The history of spring training, however, is rarely approached with the same analytical eye that is cast on other aspects of the National Pastime. It is a snap to find on the Web good quality information about–and plenty of photographs of–Major League Baseball parks, both current and former.
Former spring training sites and ballparks are another matter. The Wikipedia entry is incomplete in many ways and also contains a substantial amount of inaccurate information.
The Spring Training Project will document each of the cities and the ballparks used by all major leagues in the 20th and 21st centuries. Along with the well-known, long-lasting sites and venues, little-known and forgotten cities and ballparks used for spring training will be described. In addition to the spring homes of American and National League clubs, the spring camps of the short-lived Federal League (1914–1915) and of the seven Major Negro Leagues will be catalogued, with photos printed if any are known to exist.

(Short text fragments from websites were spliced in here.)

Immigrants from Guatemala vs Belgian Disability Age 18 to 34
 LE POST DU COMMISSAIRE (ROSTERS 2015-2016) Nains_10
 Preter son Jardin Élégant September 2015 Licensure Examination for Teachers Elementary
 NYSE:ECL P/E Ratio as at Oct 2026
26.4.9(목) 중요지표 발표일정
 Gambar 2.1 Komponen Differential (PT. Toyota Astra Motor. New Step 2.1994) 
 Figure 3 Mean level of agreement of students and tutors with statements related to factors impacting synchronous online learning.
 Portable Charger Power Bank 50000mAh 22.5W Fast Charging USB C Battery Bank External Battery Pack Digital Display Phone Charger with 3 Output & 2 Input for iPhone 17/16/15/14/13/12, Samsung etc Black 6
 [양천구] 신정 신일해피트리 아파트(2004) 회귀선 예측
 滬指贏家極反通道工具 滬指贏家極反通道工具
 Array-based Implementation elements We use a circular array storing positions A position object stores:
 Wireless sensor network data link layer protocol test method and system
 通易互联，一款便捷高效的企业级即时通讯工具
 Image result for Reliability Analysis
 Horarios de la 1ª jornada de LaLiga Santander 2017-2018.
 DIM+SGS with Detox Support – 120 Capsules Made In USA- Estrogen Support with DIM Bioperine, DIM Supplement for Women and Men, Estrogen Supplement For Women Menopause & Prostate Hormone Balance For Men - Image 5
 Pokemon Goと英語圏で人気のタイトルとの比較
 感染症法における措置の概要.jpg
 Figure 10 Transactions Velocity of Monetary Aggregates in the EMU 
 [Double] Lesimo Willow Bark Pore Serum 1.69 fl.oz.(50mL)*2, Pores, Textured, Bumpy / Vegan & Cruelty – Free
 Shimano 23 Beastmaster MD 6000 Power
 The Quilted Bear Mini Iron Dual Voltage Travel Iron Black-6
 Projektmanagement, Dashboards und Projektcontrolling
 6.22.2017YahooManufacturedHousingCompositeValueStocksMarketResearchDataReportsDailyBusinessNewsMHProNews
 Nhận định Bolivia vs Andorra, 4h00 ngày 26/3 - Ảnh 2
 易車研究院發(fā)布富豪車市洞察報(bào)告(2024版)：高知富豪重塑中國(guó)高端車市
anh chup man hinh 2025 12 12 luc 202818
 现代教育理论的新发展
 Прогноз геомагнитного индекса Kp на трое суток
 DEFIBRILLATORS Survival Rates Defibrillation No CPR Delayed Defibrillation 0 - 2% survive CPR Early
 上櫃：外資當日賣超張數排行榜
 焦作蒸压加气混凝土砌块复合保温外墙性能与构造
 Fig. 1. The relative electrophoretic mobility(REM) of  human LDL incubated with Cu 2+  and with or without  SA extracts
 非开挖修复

As part of the ongoing effort to give proper historical respect to the Major Negro Leagues, for the first time ever a comprehensive history of spring training in the Negro Leagues will be given its due alongside the other major leagues.
From the small, rickety wooden grandstands protected by chicken wire of the early 1900s to the beautiful, scaled-down big-league parks that today house the 30 MLB clubs in Arizona and Florida, the Spring Training Project will set a new standard for an important chapter in baseball history.